Copy all the lines of the listing below exactly. Skip the images.

--- Data excerpt Enclosed Below ---

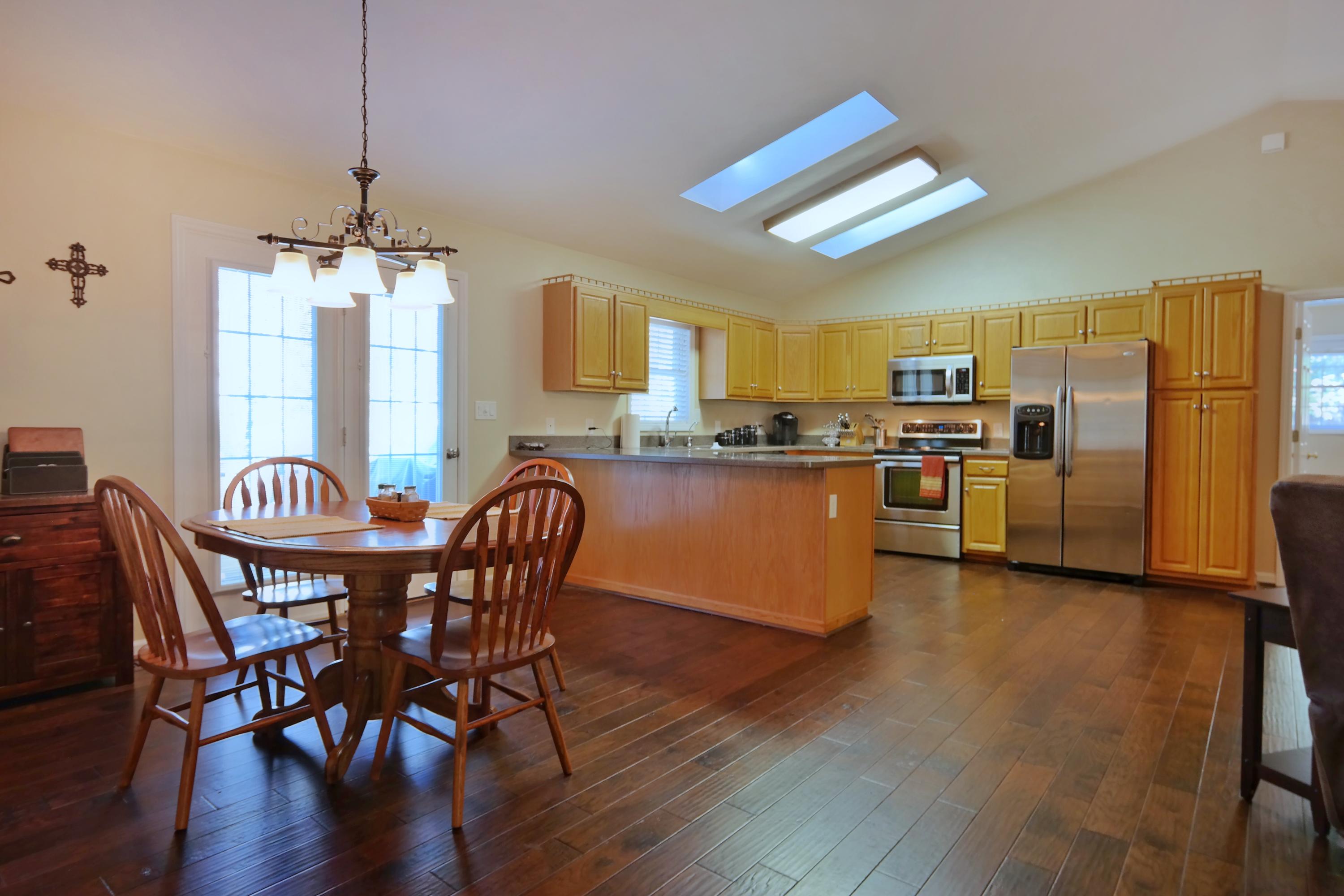 3136 Springwood Road Fincastle, VA 24090 - Photo 10 of 31 Hardwood Floors
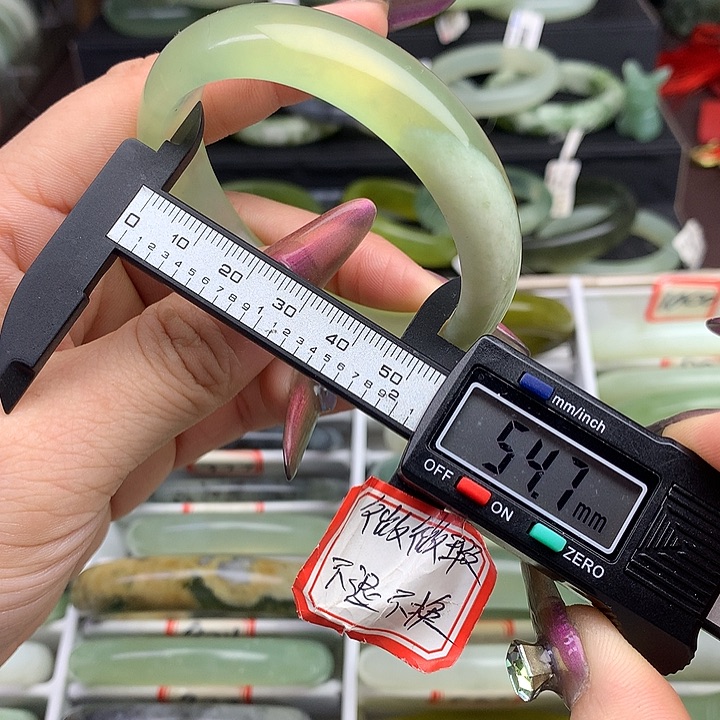 蛇纹石玉手镯未镶嵌989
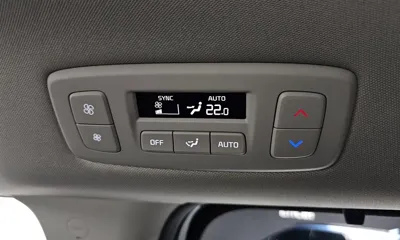 Kia Canival 2024, 36904 км, за 29046.87 USD - фото 33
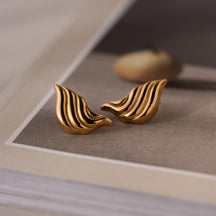 Brincos Bold Wing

--- End of Enclosed Data excerpt ---

Your response:
 3136 Springwood Road Fincastle, VA 24090 - Photo 10 of 31 Hardwood Floors
 蛇纹石玉手镯未镶嵌989
 Kia Canival 2024, 36904 км, за 29046.87 USD - фото 33
 Brincos Bold Wing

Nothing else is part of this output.